With the Kickstarter reaching it’s early stretch goals, the book has grown to be around 400 pages. The book will be a full-color hardcover. Here’s my rough vision for what the Numenera corebook will be like:
1. There will be about 100 pages of rules material, perhaps less. And the vast majority of that will be character options, rather than rules. The “how to play this game” part of the rules will likely fit into a dozen pages or so, at least as I have envisioned it now. (Playtesting usually makes such sections grow, so we’ll see.)
2. Another 100 page or so might be devoted to GM advice, and a how-to approach to running a Numenera game, including lots and lots and lots of interesting of numenera treasures and dangers to find. I really think that the game will benefit from lots of GM advice. There’s a lot to discuss regarding the technology and the wide-open nature of the setting, as well as the general “imagination gone wild” tone.

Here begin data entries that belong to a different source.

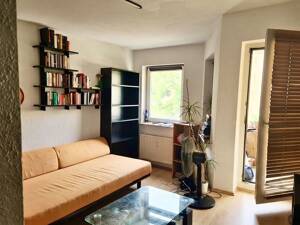 Kapitalanleger aufgepasst: Günstige 1-Zimmer-Wohnung mit Balkon & TG-Stellplatz – 90763 Fürth – Vorschaubild 3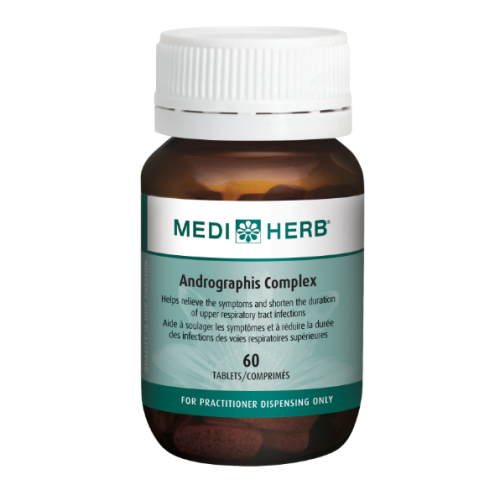 MediHerb Andrographis Complex, 60s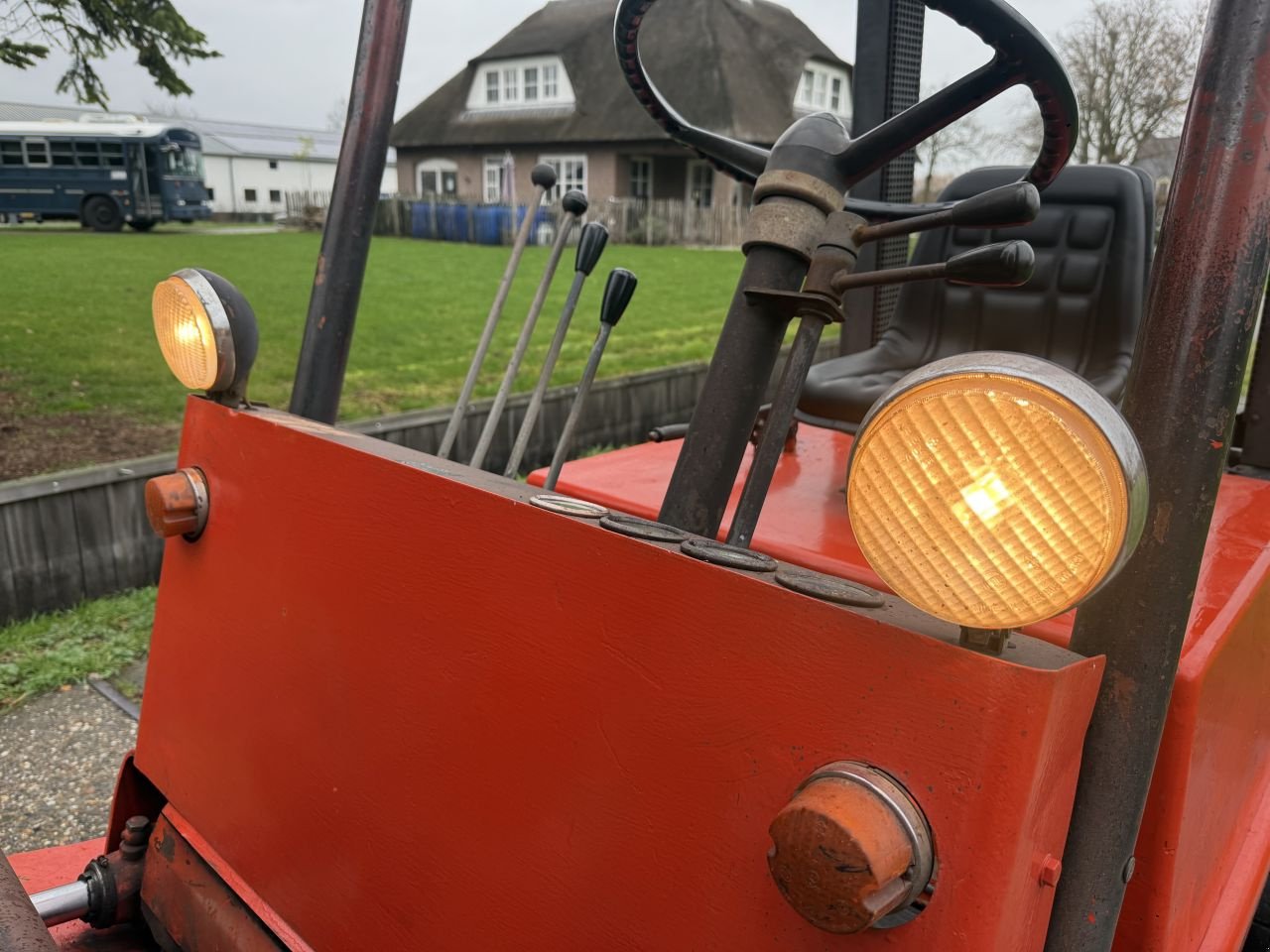 Frontstapler tipa Sonstige Overige, Gebrauchtmaschine u Hoenzadriel (Slika 8)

3. The rest of the book, about 200 pages (thus, about half the book now), will detail the setting. And an ample amount of that will be adventure material. Setting material would include a bestiary of foes: various creatures and a bunch of ready-made NPCs.
I plan on presenting adventure material for this book much like I did in Ptolus. Which is to say, at many different levels of detail. There will be many, many straightforward adventure hooks, suggestions, and rough outlines, for GMs who just want an idea or two to run with. That’s the first kind of presentation. The second, I would describe as a sort of intermediary approach: perhaps a map with brief descriptions, some ideas, and some NPCs or creatures to use. The last approach would be full-blown, fully-detailed adventures. This means that no matter what kind of GM you are, there will be adventure material for you. I’m a firm believer that nothing gets across how a game can be run than adventure material, and presenting it in many ways gives a lot of options.
Overall, the setting will have a “sandbox” approach, with a lot of information that can be used by GMs in a lot of ways. I’m more interested in really showing how to run a game in the Ninth World than I am in detailing what’s under every rock, but with this expansion in size there’s room for plenty of detail too.
This is all subject to minor changes, but you get the general idea of where I’m going with it.